■ **Data shown**:
■ ■ ■
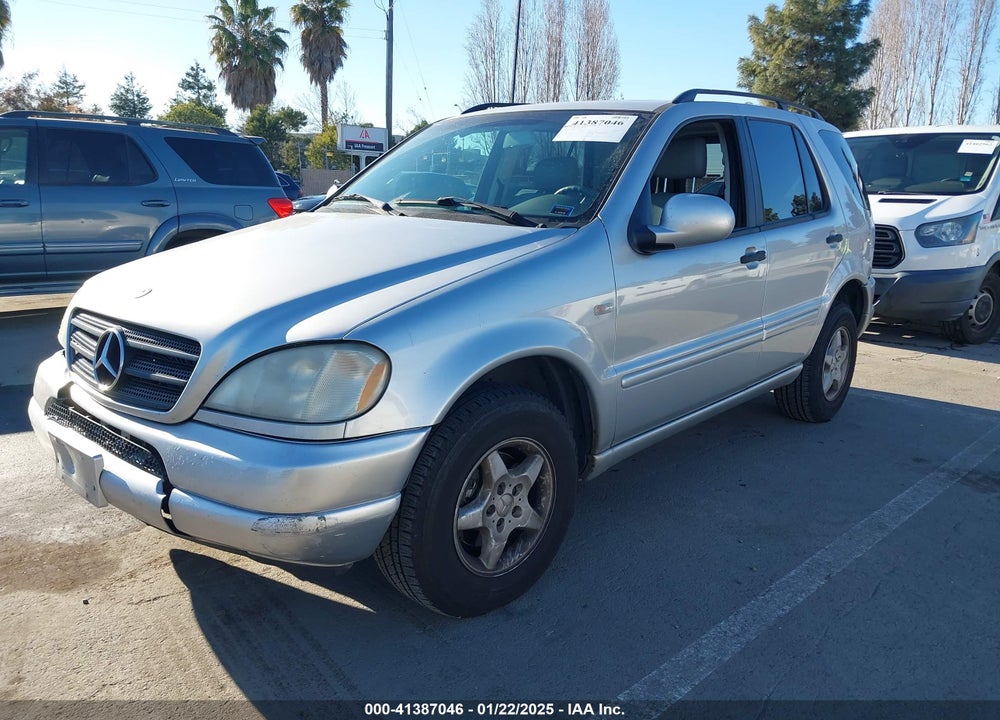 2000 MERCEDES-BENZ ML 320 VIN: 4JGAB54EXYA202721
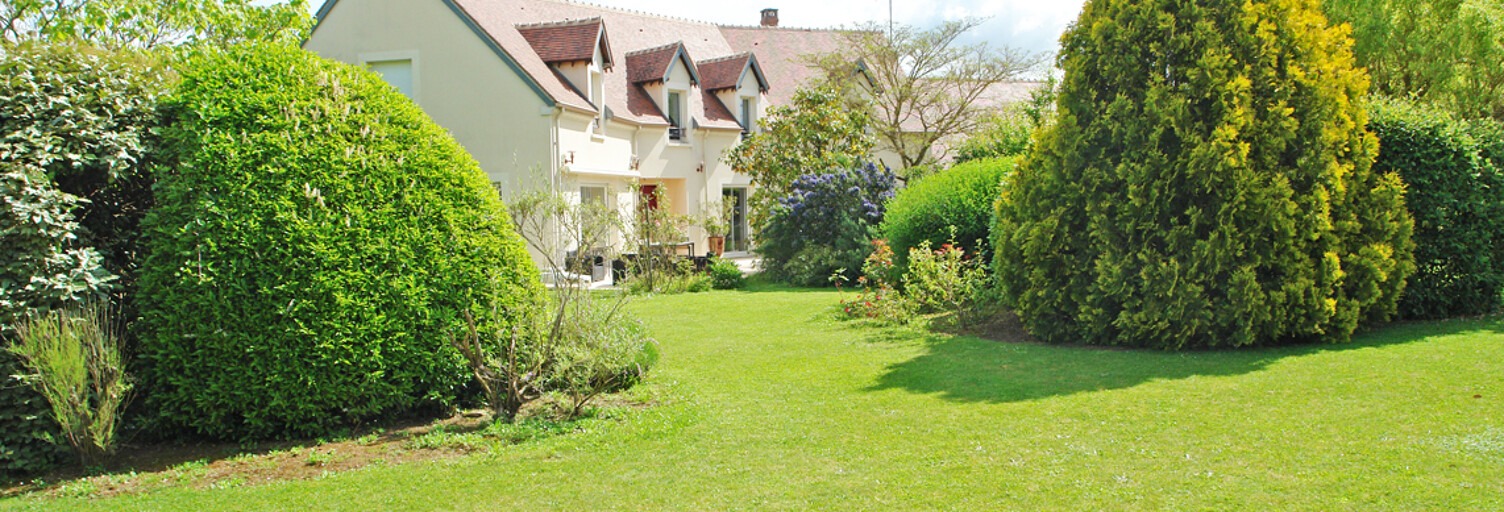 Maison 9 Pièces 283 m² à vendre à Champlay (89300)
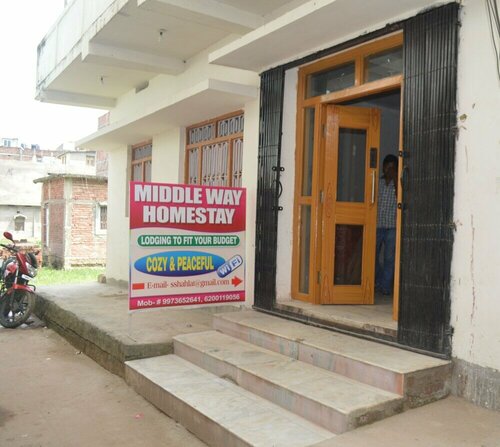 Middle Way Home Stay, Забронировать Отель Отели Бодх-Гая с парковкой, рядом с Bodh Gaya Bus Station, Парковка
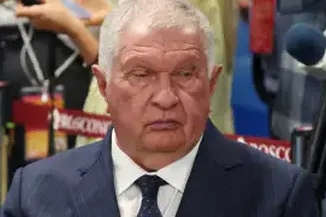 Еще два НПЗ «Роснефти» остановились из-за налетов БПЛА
■ ■ ■
■ **Problem to work on**: With every picture left out, print exactly the lines from the one containing "Middle Way Home" through the final line of the material above.

■ **Completed task**:
 Middle Way Home Stay, Забронировать Отель Отели Бодх-Гая с парковкой, рядом с Bodh Gaya Bus Station, Парковка
 Еще два НПЗ «Роснефти» остановились из-за налетов БПЛА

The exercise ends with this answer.